R.I.P.: Pioneering Atlanta DJ Alley Pat Patrick Dead At 95

Alley Pat Patrick
Atlanta radio legend James “Alley Pat” Patrick has died at the age of 95.

The Atlanta Constitution reports Patrick began his broadcasting career in 1951 as a disc jockey on WERD, Atlanta’s first black-owned radio station. He joined the staff of WAOK in 1954, and later worked at stations WXAP, WYZE and WQXI-AM.

Patrick, who died Thursday, became a member of the Georgia Music Hall of Fame in 2013. That same year, the Georgia Radio Hall of Fame honored Patrick as the recipient of the Founders and Directors Award.

Former V-103 morning host Mike Roberts, a 2013 inductee into the Georgia Radio Hall of Fame, remembers listening to Patrick on WYZE in the early 1980s when he first came to Atlanta.

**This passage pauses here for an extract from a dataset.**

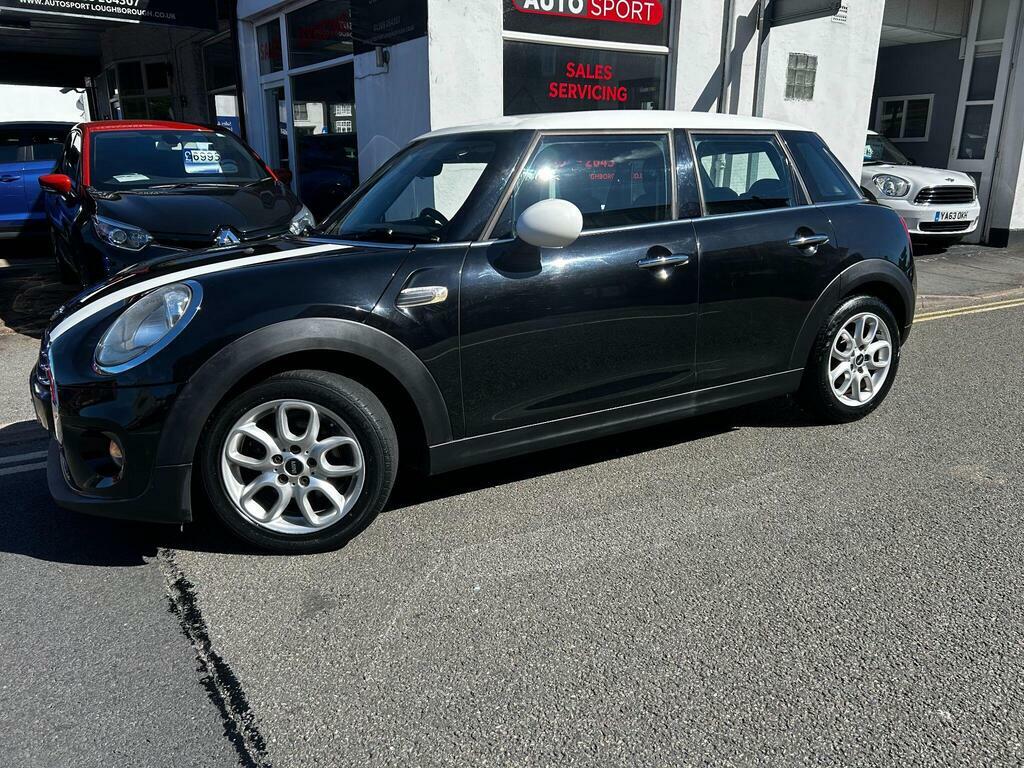Mini Hatch 1.5 Cooper Euro 6 S S Black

“He was just a very unique announcer,” said Roberts, who now owns a radio station in Macon. “He was a throwback to the 1960s style of radio, very funny, very creative at the same time. He did commercials for local clients like nobody else. He would criticize a client if he didn’t think they were treating customers right. He would praise them, too. He was a character.”

On his radio show, Patrick needled callers and blithely skewered racial, religious and social sacred cows. Though he was ad-libbing, some say he knew exactly what he was doing.

“Pat would play a simpleton on the air for comedic effect,” director and local filmmaker Tom Roche said. “But when you got to know him, you’d realize he’s quite a citizen of the world. He’d jet up to New York to see plays, he’s been to Africa and he’d go out to L.A. to hang out with John Lee Hooker.”